5. A self-resetting circuit overcurrent protection device according to claim 1 further comprising an electrically insulating envelope substantially surrounding the positive temperature coefficient elements, the electrical leads projecting out of the insulating envelope.

6. A self-resetting circuit overcurrent protection device according to claim 5 wherein the insulating envelope has an external configuration substantially similar to a conventional fuse having an amperage rating equal to a hold current of the device.

7. A self-resetting circuit overcurrent protection device according to claim 1 wherein the positive temperature coefficient material is a polymer.

8. A self-resetting circuit overcurrent protection device according to claim 1 wherein the positive temperature coefficient material is a ceramic.

9. A self-resetting circuit overcurrent protection device according to claim 1 wherein the means for electrically connecting the first plates is integral with the first plates.

10. A self-resetting circuit overcurrent protection device according to claim 9 wherein the means for electrically connecting the first plates wraps around an edge of the positive temperature coefficient layer of one of the elements.

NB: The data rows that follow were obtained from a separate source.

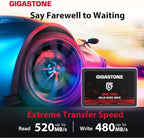 Gigastone SATA SSD 256GB (3-Pack) 2.5 inch SSD 520MB/s Upgrade Laptop PC Memory and Storage PS4 HDD Replacement 2.5" Internal Solid State Hard Drives SATA III SLC Cache 3D NAND Game Turbo Performance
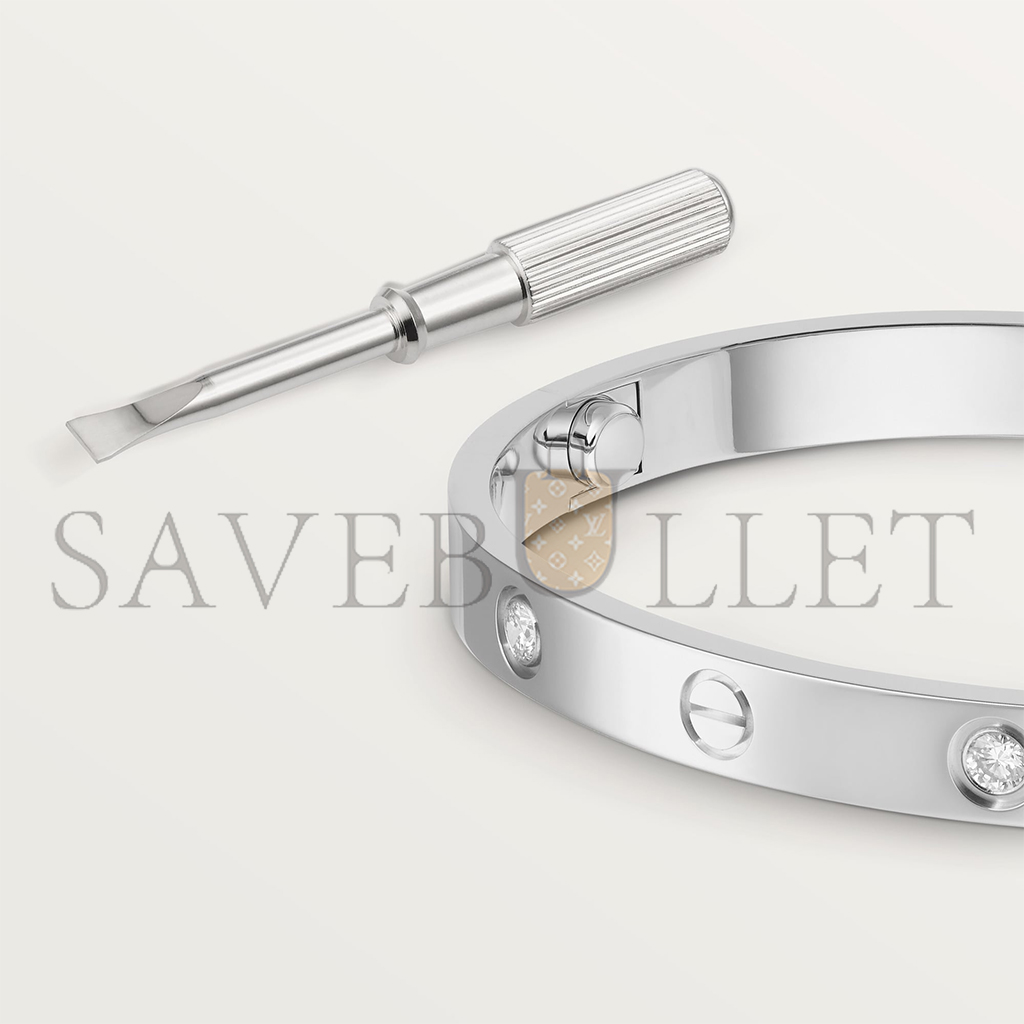 Ca*t*er love bracelet, 4 diamonds b6070117
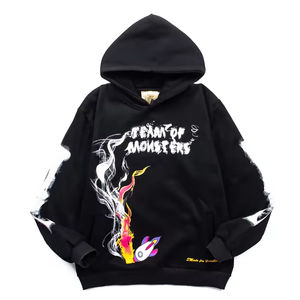 Sweat à capuche streetwear graphique personnalisé de luxe, imprimé hiver, coupe régulière, coupe-vent, imperméable, grandes tailles - Product Image 2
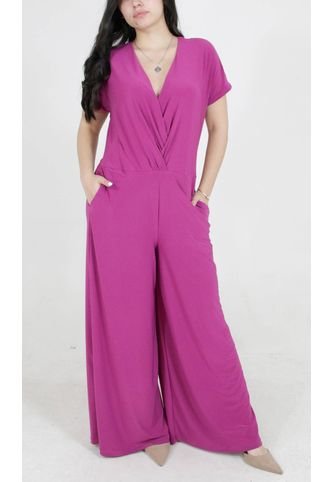 Enterizo Para Mujer Manga Corta Morado Marca L&H L&H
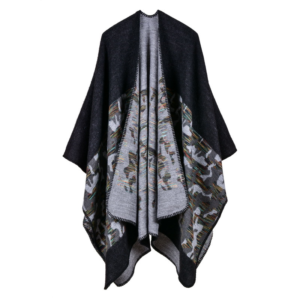 European and American fashion split thick shawl autumn and winter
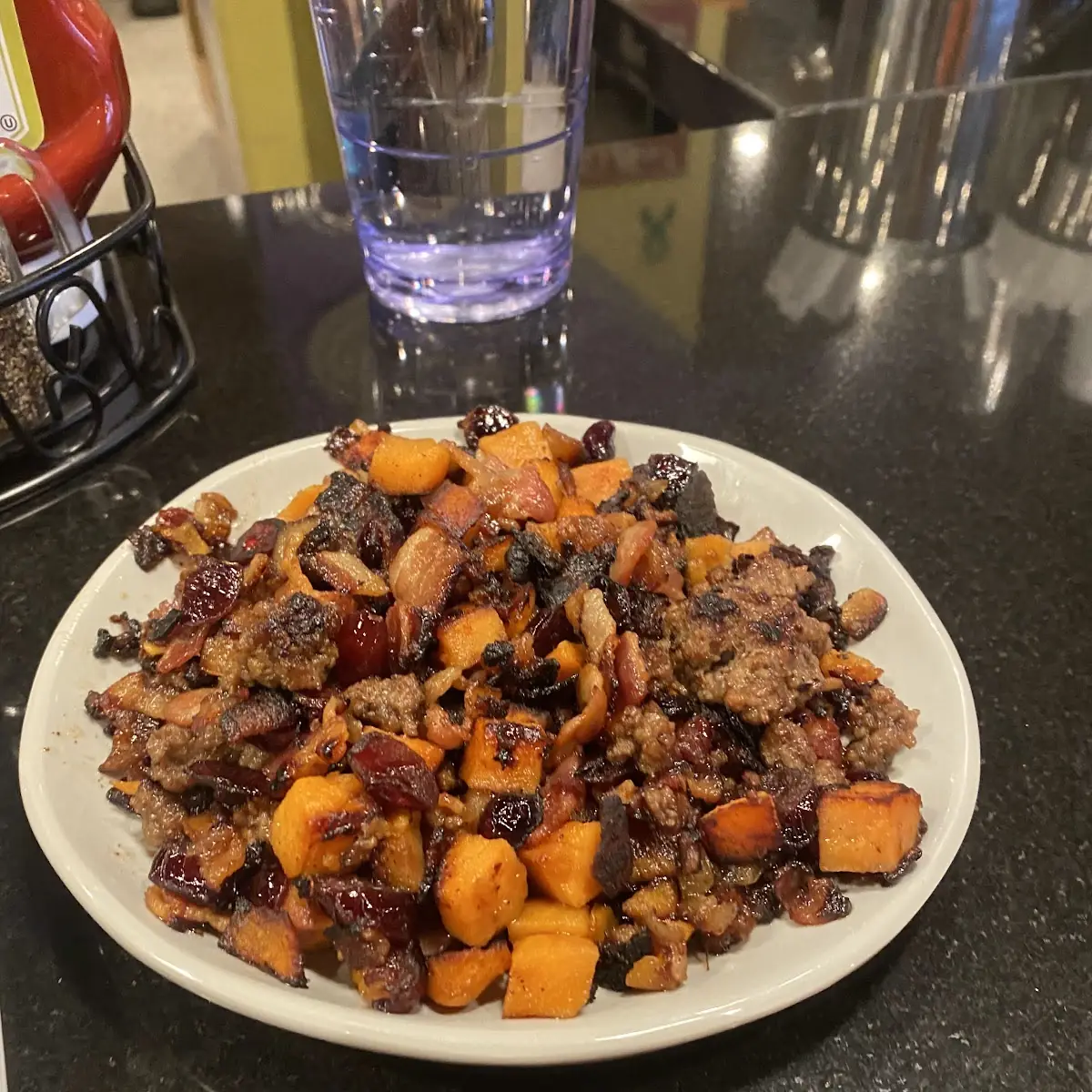 Side Dave's Sweet Potato Bacon Hash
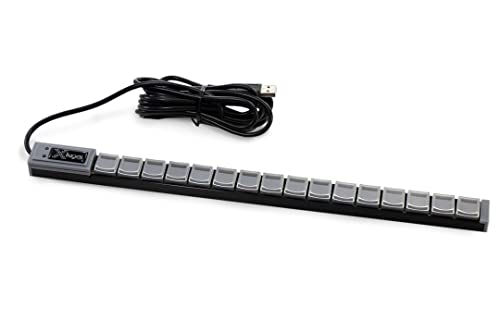 Clavier P.I. Engineering USB Keyboard XK-0981-UCK16-R Touches Macros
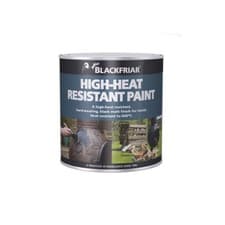 Image of BLACKFRIARS HIGH HEAT RESISTANT PAINT MATT BLACK 250ML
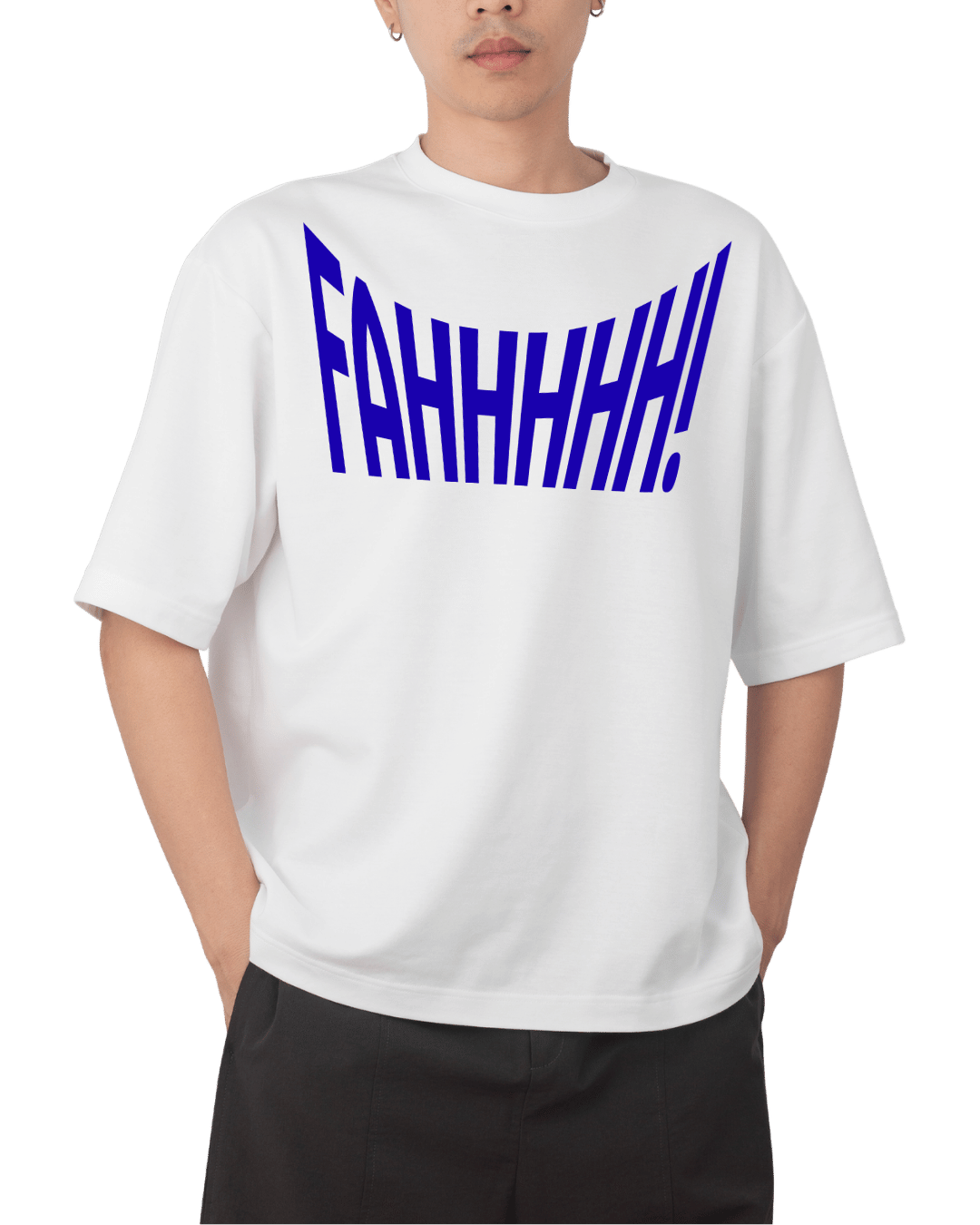 FAHHHHHH Sarcastic Typography Graphic Oversized T-Shirt
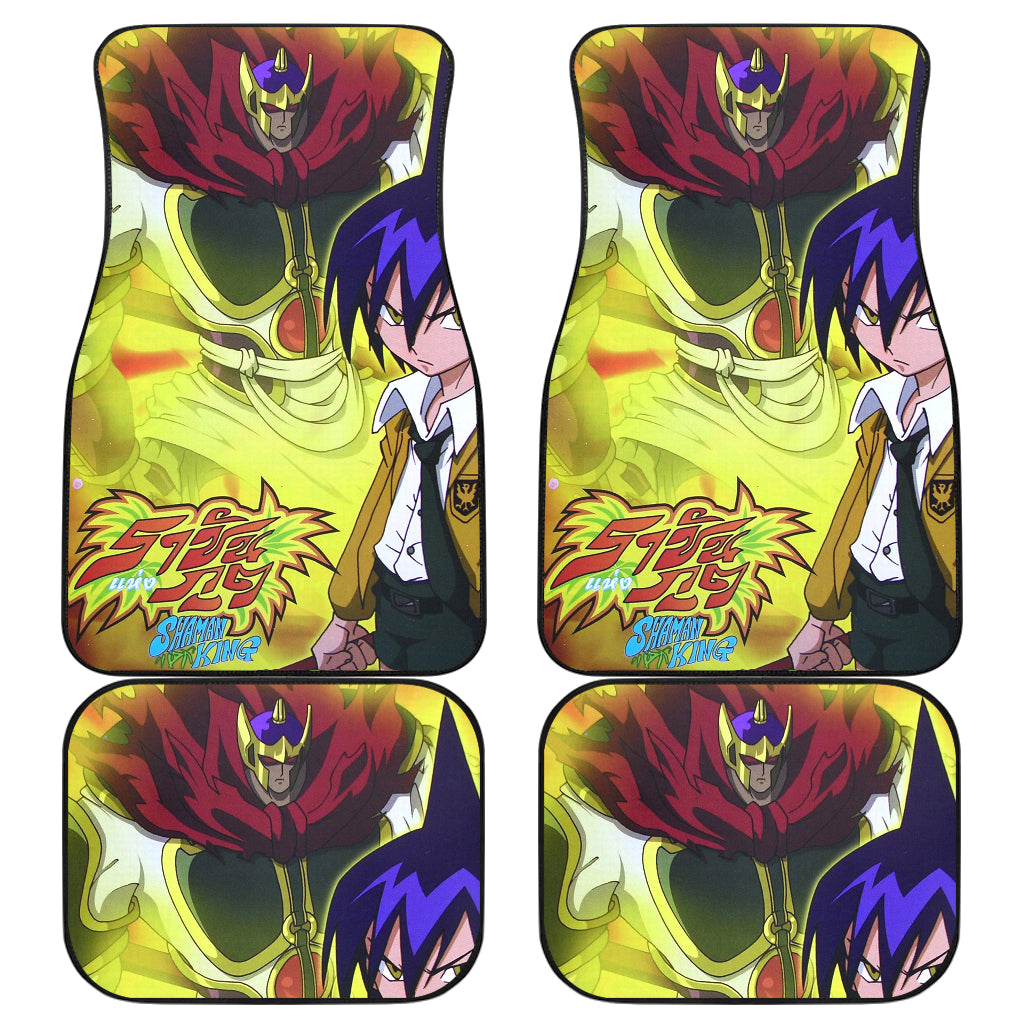 Tao Ren Shaman King 4 Car Floor Mats Custom Car Accessories Car Decor 2022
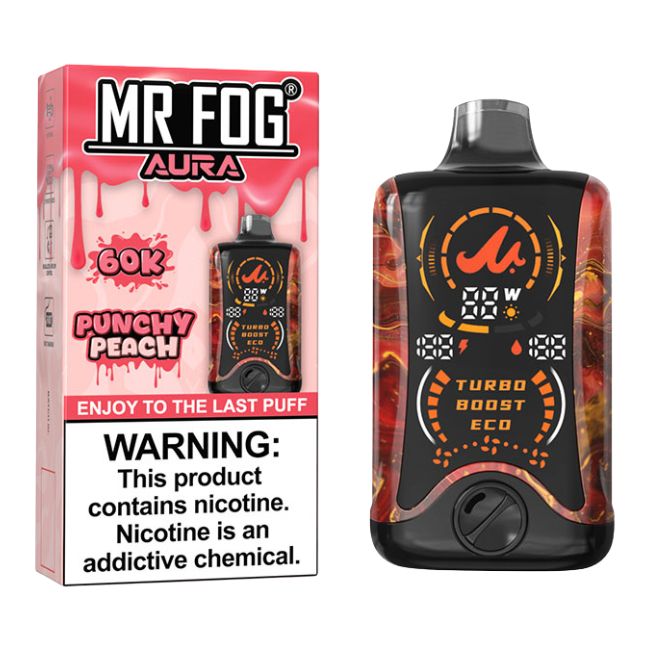 MR FOG AURA 5% DISPOSABLE (130ML) 60K PUFFS 5CT/ BOX - Image 5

11. A self-resetting circuit overcurrent protection device according to claim 9 wherein the means for electrically connecting the second plates is integral with the second plates.

12. A self-resetting circuit overcurrent protection device adapted to replace a conventional fuse having an amperage rating and a body with two leads extending therefrom, the device comprising:

at least two positive temperature coefficient elements, each element having parallel first and second electrically conductive plates separated by a layer of material having a positive temperature coefficient of resistivity, the at least two positive temperature coefficient elements being disposed in overlapping, substantially parallel relationship to one another with the first plate of each of the elements immediately adjacent to and separated from the second plate of an adjacent element by a layer of electrically insulating material, the first plates of each of the elements being electrically connected with one another and the second plates of each of the elements being electrically connected with one another such that the positive temperature coefficient elements are connected in electrical parallel with one another, the elements being of proper size to yield a hold current for the device substantially equal to the fuse amperage rating;

an electrically insulating envelope substantially surrounding the at least two positive temperature coefficient elements and having an external configuration substantially similar to the fuse body; and

a first electrical lead connected to the first plates and a second electrical lead connected to the second plates, the first and second leads extending from the positive temperature coefficient elements and configured to be substantially identical with the leads extending from the fuse.